Tuesday 18 June 2013

From Reuters. Moody's could cut his Brazil's investment-grade credit rating

"Moody's is paying close attention to trends in the country's debt-to-gross domestic product ratio and potential growth dynamics now that the economy risks posting a third straight year of sub-par growth, senior credit officer Mauro Leos said in a telephone interview on Monday.
"The focus is on growth and fiscal policy," Leos said. "If there are indications that the debt-to-GDP ratio may not continue to decline as it has been the case, based on recent numbers, then it will be more difficult to support the contention that the outlook is positive."

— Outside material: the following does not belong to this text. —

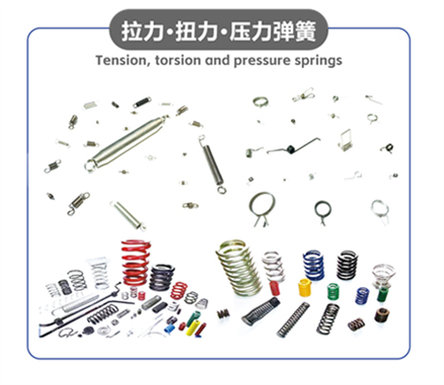 Tension, torque, pressure spring toy accessories hardware accessories processing factory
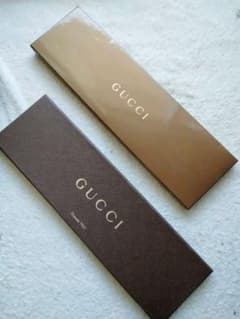GUCCI　ネクタイ箱のサムネイル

An outlook revision could undermine investors confidence in Brazil at a time when doubts over the sustainability of President Dilma Rousseff's economic policies are mounting. Fellow rating company Standard and Poor's on June 6 revised its outlook on Brazil's "BBB" rating to negative, citing the country's eroding fiscal and growth trends.
After expanding an average 3.6 percent over the past decade, growth in Brazil's economy slowed to 1.8 percent since 2011 in the wake of supply bottlenecks and low levels of investment. The economy grew only 0.9 percent last year.
Central bank data show net public sector debt to GDP ratio has fallen steadily in the past decade to around 35 percent.
But Leos took into account another yard stick -- gross debt to GDP. He noted Brazil's gross debt to GDP ratio has remained at around 60 percent in the past two years-- above the level of countries rated the same level".